It depends on several conditions, as motivation, the reason for acquiring new knowledges about it, the needs, etc.

Not all the people has the same talents for languages, as not all people has talents for music, dancing, sports. etc. It is no a subject, of definitely Yes, or No, as I said before, it depends on different aspects.

In my experience, I have taught many adult people, and they have learnt with a lot of interest and good results, children have their own natural abbility, but I insist, it is a personal matter.
annissa





Balasubramaniam wrote:

In one of the threads in another forum the issue of learning a new language as an adult came up which had interesting possibilities for discussion. But as it would have caused a major digression from the main vein of that particular thread it was suggested that a new thread be begun under this forum to discuss this issue.

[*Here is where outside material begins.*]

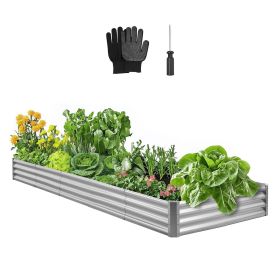 VEVOR Metal Raised Garden Bed, 12 x 4 x 1 ft Outdoor Galvalume Planter Garden Box, Open Bottom Design, Large Planter Raised Bed for Growing Vegetables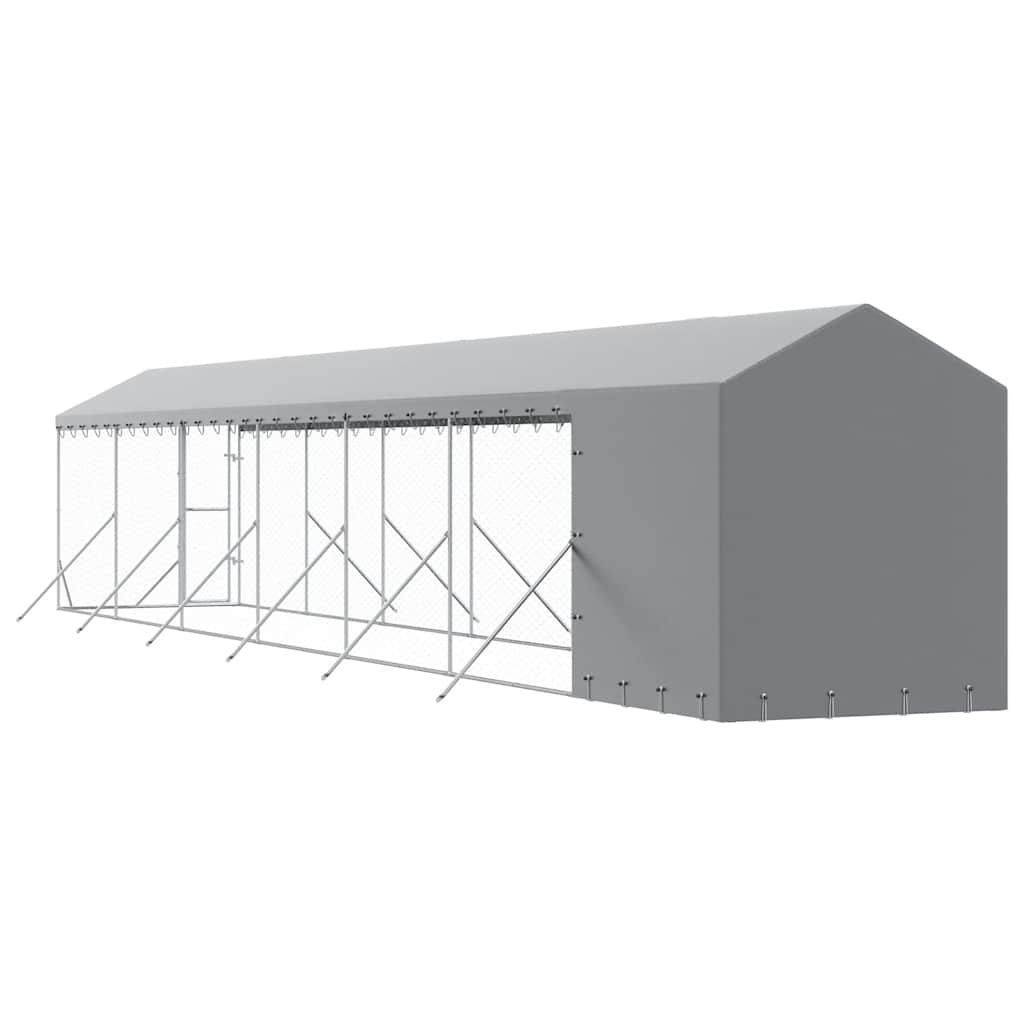 Outdoor-Hundezwinger mit Dach Silbern 2x6x2,5m Verzinkter Stahl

Many people claim that they learned six or seven languages in adult life. Is this possible? Is it possible to learn even one new language properly after you have crossed the threshold of 13 or15 years of age? Here we are not talking about rudimentary knowledge of a few sentences or a basic vocabulary of a language, but near-native competency.

It was my understanding - and I am neither a linguist, nor a scientist - that the current belief of science is that languages can only be learned perfectly in the first few years of one’s life.

I invite people with linguistic training and knowledge - as well as others, of course - to respond to this thread and to dispel any pseudo-science involved in this matter.